FineSkiing: A Fine-grained Benchmark for Skiing Action Quality Assessment
Yongji Zhang, Siqi Li, Yue Gao, Yu Jiang
TL;DR
This work introduces FineSkiing, the first fine-grained AQA dataset for aerial skiing with stage-wise scores and deduction annotations, enabling more interpretable and reliable action scoring. It also proposes JudgeMind, a stage-decoupled framework that segments each video into air, form, and landing, applies stage-specific feature extraction, and leverages a knowledge-based decoder to fuse deduction knowledge with action codes to predict stage scores. Experiments show state-of-the-art performance on FineSkiing and competitive results on FineDiving, with ablations highlighting the contributions of temporal segmentation, foreground/global features, and deduction knowledge.
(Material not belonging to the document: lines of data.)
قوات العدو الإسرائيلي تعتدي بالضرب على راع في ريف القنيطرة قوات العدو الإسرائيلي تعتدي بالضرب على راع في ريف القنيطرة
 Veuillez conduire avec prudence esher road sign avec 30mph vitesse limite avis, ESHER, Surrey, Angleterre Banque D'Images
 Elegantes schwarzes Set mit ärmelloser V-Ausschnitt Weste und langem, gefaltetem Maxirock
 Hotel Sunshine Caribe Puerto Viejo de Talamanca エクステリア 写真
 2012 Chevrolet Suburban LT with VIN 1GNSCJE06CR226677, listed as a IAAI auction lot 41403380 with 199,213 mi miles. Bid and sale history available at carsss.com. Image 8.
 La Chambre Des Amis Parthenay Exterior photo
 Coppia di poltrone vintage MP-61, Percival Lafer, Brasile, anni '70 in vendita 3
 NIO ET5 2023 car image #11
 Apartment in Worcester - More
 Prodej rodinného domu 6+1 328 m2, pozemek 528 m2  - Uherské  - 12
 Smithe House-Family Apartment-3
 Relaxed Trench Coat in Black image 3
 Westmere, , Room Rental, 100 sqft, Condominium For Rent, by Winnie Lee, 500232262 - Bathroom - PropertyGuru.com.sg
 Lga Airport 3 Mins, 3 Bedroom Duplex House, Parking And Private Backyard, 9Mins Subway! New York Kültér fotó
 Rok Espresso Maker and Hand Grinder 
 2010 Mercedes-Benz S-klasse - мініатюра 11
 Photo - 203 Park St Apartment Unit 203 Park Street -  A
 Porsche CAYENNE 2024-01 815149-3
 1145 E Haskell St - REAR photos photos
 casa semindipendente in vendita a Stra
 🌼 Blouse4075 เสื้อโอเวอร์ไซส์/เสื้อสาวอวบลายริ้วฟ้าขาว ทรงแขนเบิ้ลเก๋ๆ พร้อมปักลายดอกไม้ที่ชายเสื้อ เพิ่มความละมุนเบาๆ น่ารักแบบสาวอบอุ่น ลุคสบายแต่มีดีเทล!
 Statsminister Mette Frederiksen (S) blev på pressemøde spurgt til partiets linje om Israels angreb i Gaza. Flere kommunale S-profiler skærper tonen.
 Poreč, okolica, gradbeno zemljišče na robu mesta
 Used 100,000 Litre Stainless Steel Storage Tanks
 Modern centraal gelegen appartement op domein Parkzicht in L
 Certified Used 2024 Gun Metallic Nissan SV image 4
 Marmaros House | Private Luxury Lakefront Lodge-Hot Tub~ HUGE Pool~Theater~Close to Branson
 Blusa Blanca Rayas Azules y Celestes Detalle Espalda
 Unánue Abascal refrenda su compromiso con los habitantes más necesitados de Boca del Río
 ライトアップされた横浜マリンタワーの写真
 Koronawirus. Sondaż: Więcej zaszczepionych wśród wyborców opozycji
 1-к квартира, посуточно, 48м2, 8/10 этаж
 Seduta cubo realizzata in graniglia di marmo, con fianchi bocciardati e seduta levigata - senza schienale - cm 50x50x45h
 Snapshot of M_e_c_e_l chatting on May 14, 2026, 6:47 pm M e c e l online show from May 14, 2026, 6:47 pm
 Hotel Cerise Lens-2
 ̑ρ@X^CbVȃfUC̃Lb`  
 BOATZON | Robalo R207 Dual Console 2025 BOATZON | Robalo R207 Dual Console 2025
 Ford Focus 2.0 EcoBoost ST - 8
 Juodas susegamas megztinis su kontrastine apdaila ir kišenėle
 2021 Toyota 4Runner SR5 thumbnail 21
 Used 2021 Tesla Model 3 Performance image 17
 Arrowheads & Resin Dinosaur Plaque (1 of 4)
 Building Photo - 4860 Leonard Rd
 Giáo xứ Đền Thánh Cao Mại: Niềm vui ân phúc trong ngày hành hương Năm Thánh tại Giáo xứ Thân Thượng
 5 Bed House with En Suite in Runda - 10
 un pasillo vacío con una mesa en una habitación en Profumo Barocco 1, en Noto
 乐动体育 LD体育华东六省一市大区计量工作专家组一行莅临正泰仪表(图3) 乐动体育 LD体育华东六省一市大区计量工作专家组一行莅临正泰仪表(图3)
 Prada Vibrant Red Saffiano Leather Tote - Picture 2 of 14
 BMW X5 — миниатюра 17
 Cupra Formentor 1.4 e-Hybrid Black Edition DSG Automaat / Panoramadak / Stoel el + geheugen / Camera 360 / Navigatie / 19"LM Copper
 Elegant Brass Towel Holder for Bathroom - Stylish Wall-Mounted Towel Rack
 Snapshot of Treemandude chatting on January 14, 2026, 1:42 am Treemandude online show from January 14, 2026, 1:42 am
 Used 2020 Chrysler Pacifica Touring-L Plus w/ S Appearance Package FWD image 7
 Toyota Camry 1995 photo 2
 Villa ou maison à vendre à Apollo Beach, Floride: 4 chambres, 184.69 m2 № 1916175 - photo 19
The combination of a rich, standards-aligned dataset and a stage-aware, knowledge-guided model advances robust, interpretable AQA suitable for professional judging contexts and broader temporal action assessment tasks.
Abstract
Action Quality Assessment (AQA) aims to evaluate and score sports actions, which has attracted widespread interest in recent years. Existing AQA methods primarily predict scores based on features extracted from the entire video, resulting in limited interpretability and reliability. Meanwhile, existing AQA datasets also lack fine-grained annotations for action scores, especially for deduction items and sub-score annotations. In this paper, we construct the first AQA dataset containing fine-grained sub-score and deduction annotations for aerial skiing, which will be released as a new benchmark. For the technical challenges, we propose a novel AQA method, named JudgeMind, which significantly enhances performance and reliability by simulating the judgment and scoring mindset of professional referees. Our method segments the input action video into different stages and scores each stage to enhance accuracy. Then, we propose a stage-aware feature enhancement and fusion module to boost the perception of stage-specific key regions and enhance the robustness to visual changes caused by frequent camera viewpoints switching. In addition, we propose a knowledge-based grade-aware decoder to incorporate possible deduction items as prior knowledge to predict more accurate and reliable scores. Experimental results demonstrate that our method achieves state-of-the-art performance.